One year after Hurricane Katrina drowned New Orleans, the city and the US government are struggling to recover from its effects. Katrina exposed “glaring weaknesses” in the US – from black urban poverty to slapdash disaster management – says the FT. “If the city government’s failure to help people escape was shameful, the federal government’s willingness to leave them there for days was scandalous.”
The government did grant $110bn of federal aid for relief and rebuilding, but so far the results have been patchy. The French quarter has benefited, but half the original population of 460,000 has yet to return and many neighbourhoods are still in ruins, so “the city’s future is far from secure”.
Residents are still “one storm away from a repeat of the 2005 disaster”, says Florida’s Bradenton Herald: the levees have been rebuilt, but only to pre-Katrina standards. Money has been set aside to bolster the city’s defences, but plans are not finalised.

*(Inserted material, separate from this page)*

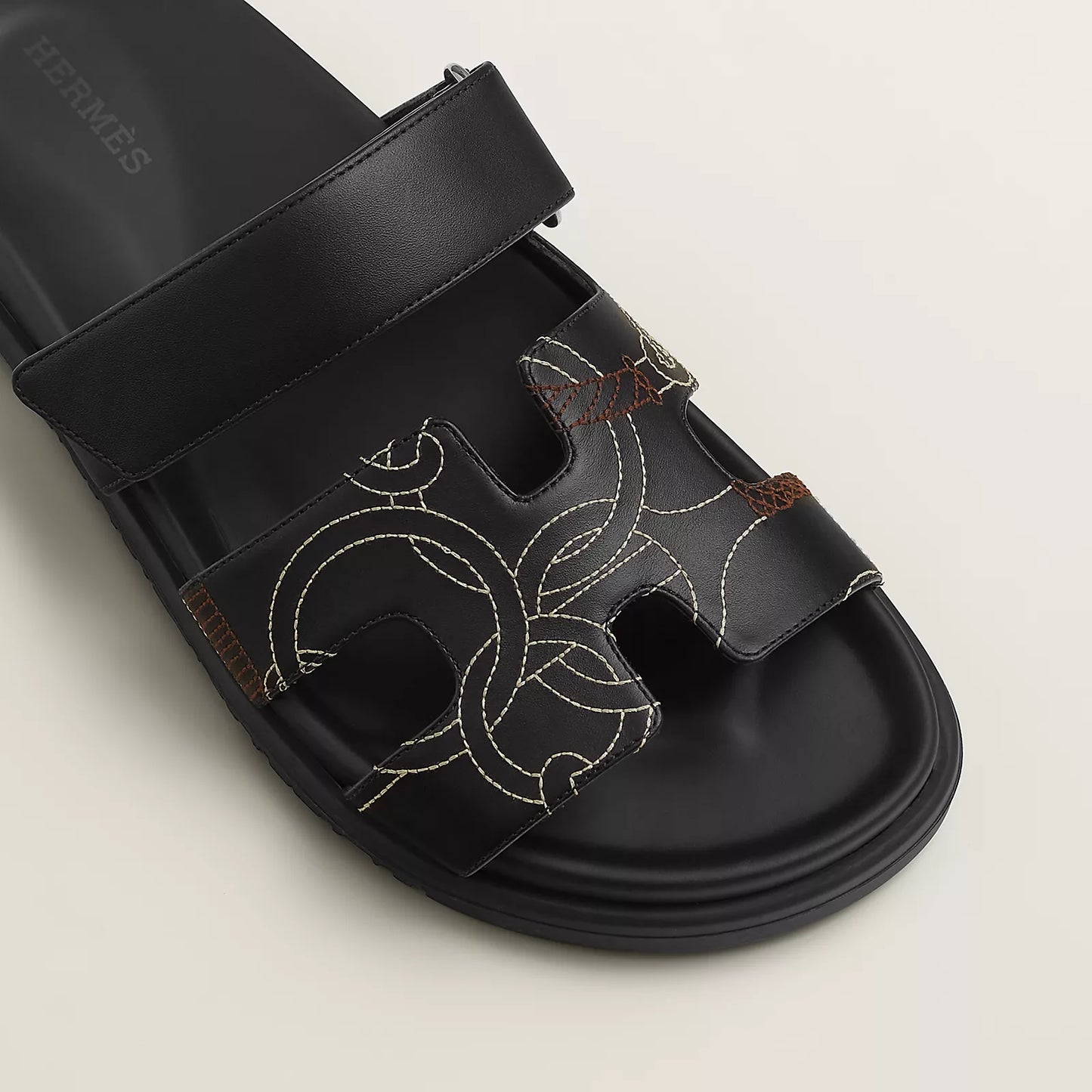 Sandales Chypre Noir Monogram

Within the city, there is a sense that “progress has ground to a halt”, says The New York Times. No wonder: just $44bn of the $110bn aid package has been handed out, the bulk of it immediately after the flood. The “Katrina czar” should concentrate on repairs to utility networks, focus the limited resources for rebuilding on safer areas and give the bureaucrats a kick up the backside: “even well-staffed bureaucracies respond only when force is applied”. Otherwise people will hardly be tempted to return.

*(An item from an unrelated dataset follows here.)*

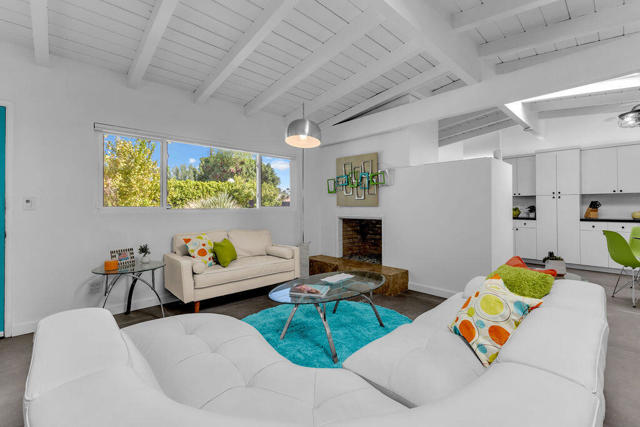1075 E Sunny Dunes Road, Palm Springs, CA 92264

The disapproval shown by Americans for Bush’s inadequate reaction to the disaster has hardened, says The Economist. His approval ratings, around 45%-50% before Katrina, are stuck in the high 30s; enough to survive, but nowhere near good enough to attempt the major projects (such as privatising Social Security) envisaged before the hurricane. In November’s mid-term elections, the Republicans will be lucky to hang on to their majorities in the two houses of Congress.